Die Anlage ist auf künftige Mondmissionen ausgelegt, wie sie die europäische Weltraumbehörde (Esa) für Ende des Jahrzehnts plant: Die Landschaft ist der am lunaren Südpol nachempfunden. Dort soll eine Landefähre aufsetzen und einen Rover aussetzen. Der fährt, beladen mit dem Krabbler, auf Erkundungsmissionen. An einem Krater wird der Krabbler abgesetzt, um darin nach Spurenelementen oder Eis zu suchen.

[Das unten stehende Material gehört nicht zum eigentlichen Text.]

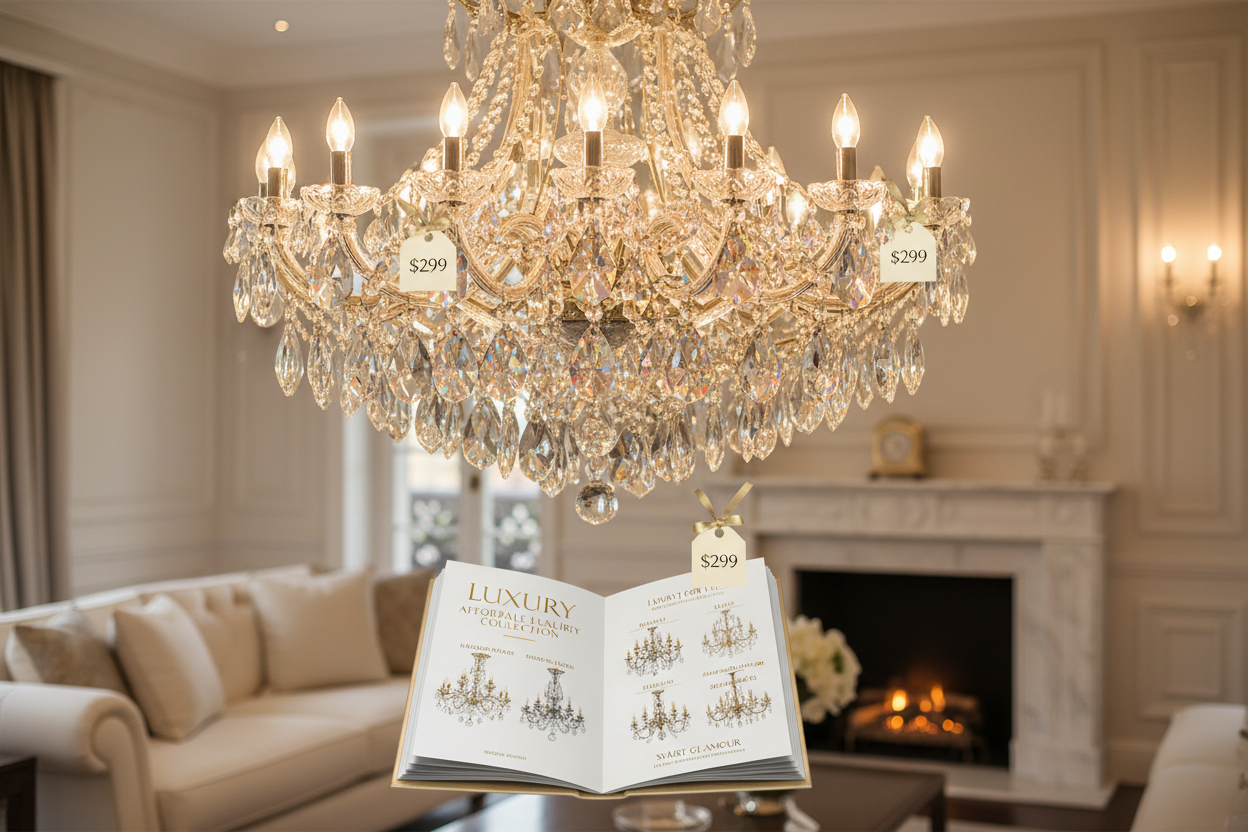 "Luxury and Affordable Chandeliers: Enhance Your Home's Ambiance with Style and Practicality"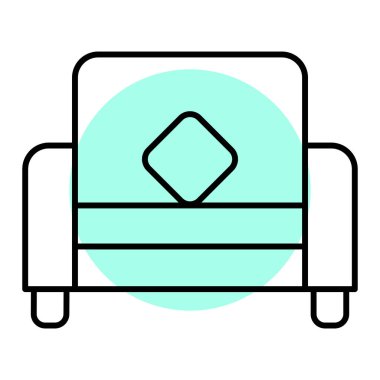 kanepe ikonu vektör illüstrasyonu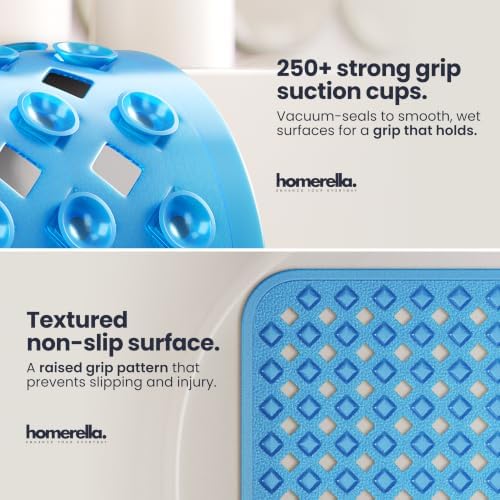 homerella Bathtub Mat Non Slip 35x16 Shower Mat Non Slip Anti Mold BPA Free - Image 2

Mit Greifern, die später an jedem Bein montiert werden, kann er Proben nehmen.

Größere Anlage

Die Bremer hatten an ihrem Institut schon früher eine Weltraumtestanlage. Die sei jedoch nicht groß genug gewesen, um das Zusammenspiel von Landefahrzeug, Rover und Krabbler simulieren zu können, sagte Frank Kirchner, der Leiter der Bremer Niederlassung des DFKI, Golem.de. Außerdem verfügt die neue Halle über eine bessere Lichtanlage, die die sehr helle, scharfkantige Beleuchtung auf dem Mond simuliert. Während sich der Space Climber an dem Kraterrand abmüht, warten Lander und Rover oben am Rand. Beide stammen von EADS-Astrium. Das Unternehmen entwickelt im Auftrag der Esa die Mondlandfähre. Entsprechend hat es sich am Aufbau der Anlage beteiligt.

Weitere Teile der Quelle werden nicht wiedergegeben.